Some try to preserve prestrike friendships, while others resent the “scabs” who kept their jobs and paychecks.

Jake Weyer

One week after returning to work, clerical employees once separated by picket lines are now working alongside each other again.

Throughout the 15-day strike by the American Federation of State, County and Municipal Employees Locals 3800 and 3801 – the unions representing approximately 1,900 clerical workers on four University campuses – more than half of the University clerical workers went to work each day. The unions were on strike over proposed health-care cost increases, wage freezes and benefits reductions.

Union members who crossed the picket lines upset some employees, but others have no hard feelings, even though all union members will receive the same contract regardless of whether they went on strike.

“It’s important for us to have good relationships with our co-workers now so next time in negotiations there will be a stronger effort to get a better contract,” said Danielle Gordanier, a medical transcriptionist for Boynton Health Service and an AFSCME Local 3800 member.

Gordanier said she is friends with her colleagues and she was willing to strike for those who could not.
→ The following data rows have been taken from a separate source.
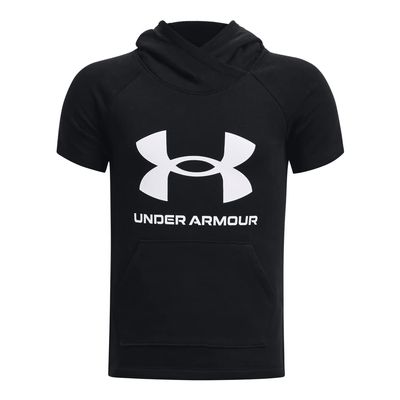 Under Armour Girls Rival Fleece Short-Sleeve Hoodie, Black (001)/White, Youth Medium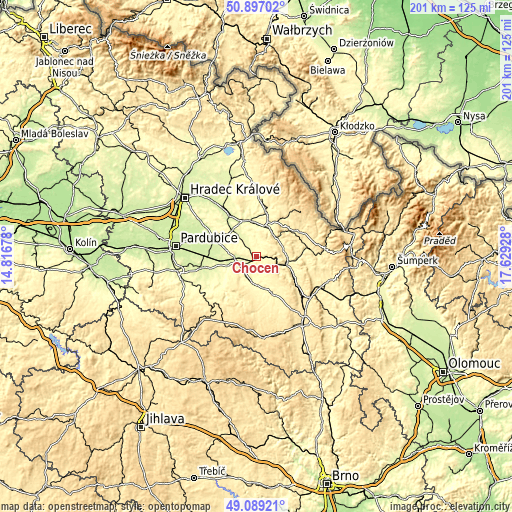 Topographic map of Choceň
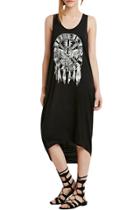 Oasap Women's Fashion Print Sleeveless Irregular Hemline Midi Dress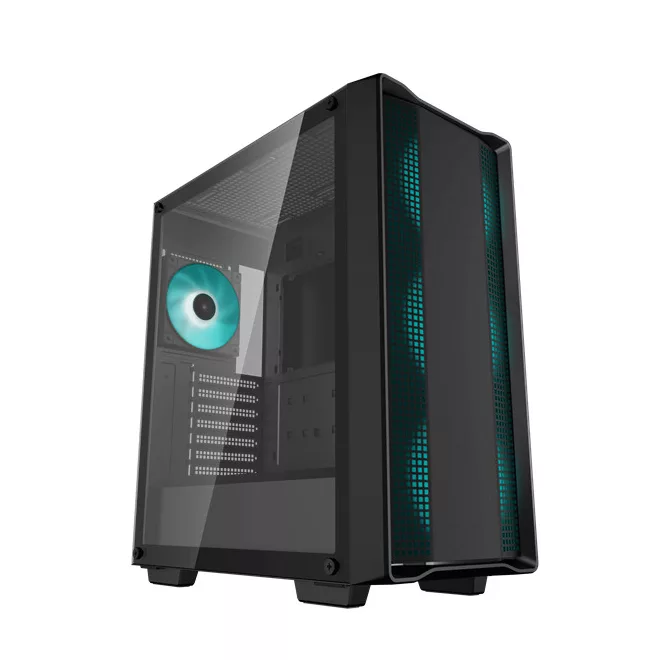 DeepCool Számítógépház - CC560 V2 (fekete, ablakos, 4x12cm LED venti, Mini-ITX / Micro-ATX / ATX, 1xUSB3.0, 1xUSB2.0)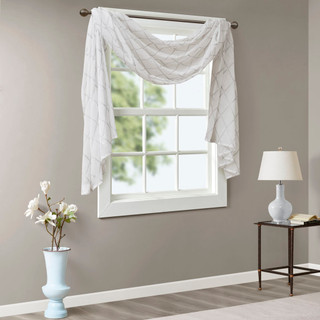 Thumbnail 1: Madison Park Madison Park Irina Diamond Sheer Embroidered Window Scarf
Gordanier said she has no hard feelings toward those who crossed picket lines.

“Personally, I just don’t like to argue,” she said. “There are some things that you just don’t argue with your friends about.”

Teresa Emde, an accounts specialist in the chemistry department, said out of three AFSCME Local 3800 members in her office, she was one of two who went on strike. She said there were no problems returning to work.
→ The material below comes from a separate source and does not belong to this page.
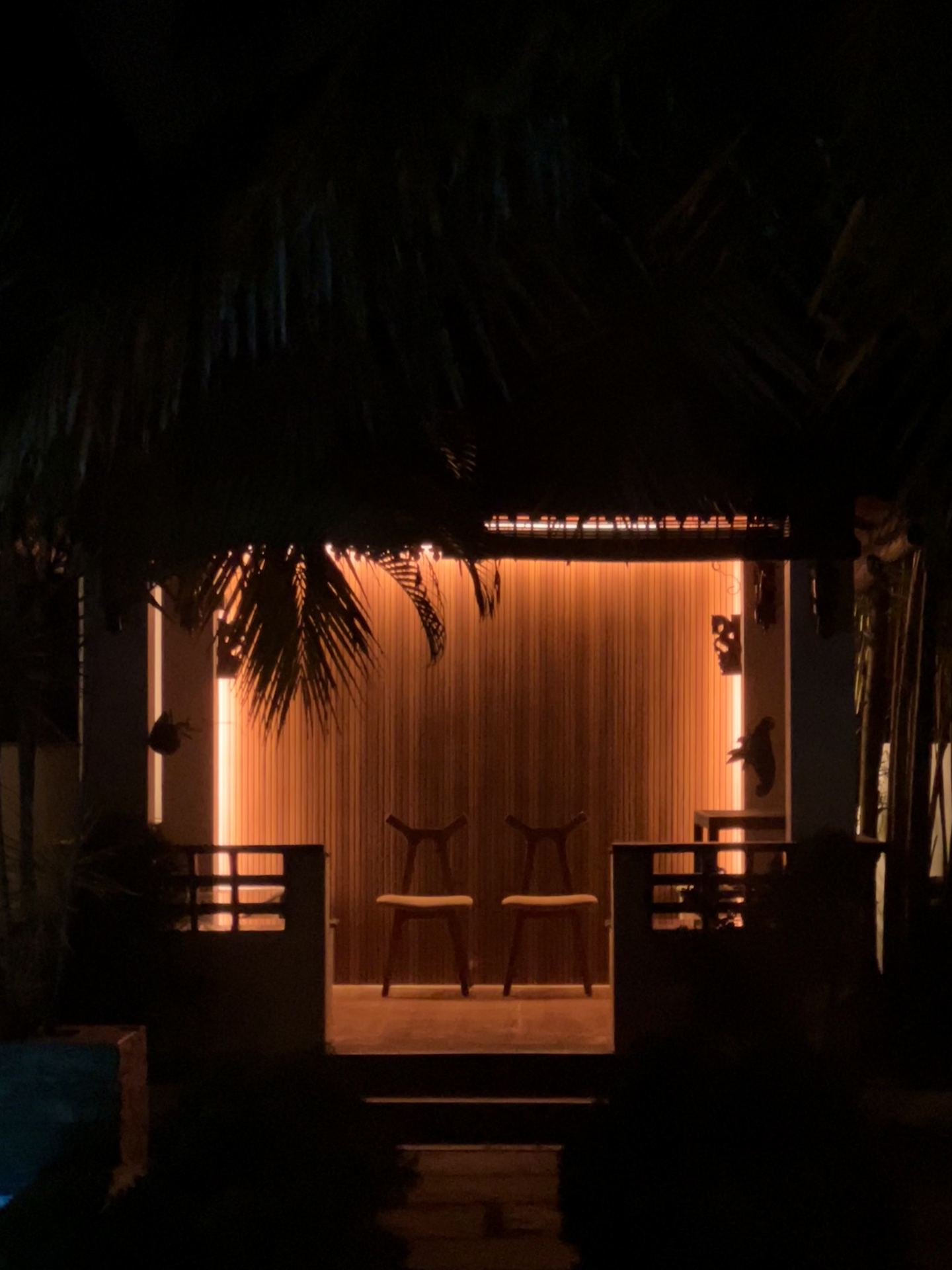 Garden gazebo at night at The Bella Vista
“We’re all pretty cool about the whole thing,” she said.

But not all clerical workers feel the same.

Lynne Johnsrud, a principal administrative specialist in the chemistry department, said some AFSCME Local 3800 members resent clerical workers who crossed the picket lines or were on strike but did not picket.

Johnsrud said she has casually encountered two AFSCME Local 3800 members who crossed the picket line since she returned.
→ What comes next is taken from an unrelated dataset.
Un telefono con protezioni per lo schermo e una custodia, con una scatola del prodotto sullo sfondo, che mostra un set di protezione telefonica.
“I greeted them,” she said. “But I was reserved.”

Johnsrud said she spoke with another union member who crossed the picket line and both handled themselves professionally.

“My hope is that we can all be professional and time will heal,” she said.

She said the strike was an energizing experience that formed camaraderie and new friendships.

“I feel that the people who didn’t participate missed out on all that,” she said.

“I don’t care to ever talk to someone who has crossed the picket line again. Ever,” said Kay Berzak, an outpatient clinic assistant for Boynton Health Service and a member of AFSCME Local 3260, the union representing more than 170 University health-care workers.

“Anyone who scabbed is now a ghost,” she said. “I don’t deal with ghosts.”